- Index
- Generating a data.frame containing character data with and without stringsAsFactors
- Growing list vs preallocated list vs lapply
- $ vs [[ operator
- Comparison of two vector values
- R source code vs R compiled code vs C++ code
- Reduce vs vectorized functions
This document compares the performance in doing a task by means of different approaches in R. For doing so, the microbenchmark package is used, measuring the time spent by each approach. The results are shown numerically and plotting them using ggplot2. The numeric table shows relative performances, with the best method as 1.0 and the others showing the number of times which they are worse than the former.

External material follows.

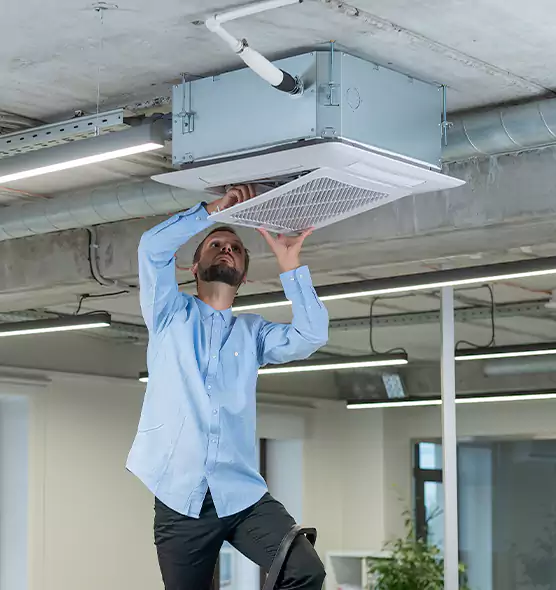 Expert Commercial Air Duct Cleaning in Windsor, CA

The goal is to elucidate which is the best method to accomplish a certain task.
Index
- Generating a data.frame containing character data with and without
stringsAsFactors - Growing list vs preallocated list vs
lapply $vs[[operator- Comparison of two vector values
- R source code vs R compiled code vs C++ code
Reducevs vectorized functions
Generating a data.frame containing character data with and without stringsAsFactors
With this code I want to test the difference between using stringsAsFactors = TRUE versus stringsAsFactors = FALSE while creating a new data.frame.
numElements <- 1e6
someStrings <- sapply(1:25, function(x) paste(sample(c(letters, LETTERS), 10, replace = TRUE), collapse = ""))
aNumericVector <- runif(numElements)
aStringVector <- sample(someStrings, numElements, replace = TRUE)
bStringVector <- sample(someStrings, numElements, replace = TRUE)
result <- microbenchmark(
data.frame(aNumericVector, aStringVector, bStringVector, stringsAsFactors = TRUE),
data.frame(aNumericVector, aStringVector, bStringVector, stringsAsFactors = FALSE)
)## Unit: relative
## expr min lq mean median uq max
## stringsAsFactors=T 320.012 307.7241 304.4763 255.215 364.2376 378.7762
## stringsAsFactors=F 1.000 1.0000 1.0000 1.000 1.0000 1.0000
## neval
## 100
## 100

Conclusion
Generating a data.frame containing character columns is quicker when stringsAsFactors = FALSE is used. Nonetheless, it may be taken into account that this option implies the use of more memory, as character strings are stored individually instead of as numeric values referencing the factor levels. For this same reason, further operations such as sorting by a character column can take more time (compared with sorting by a factor column).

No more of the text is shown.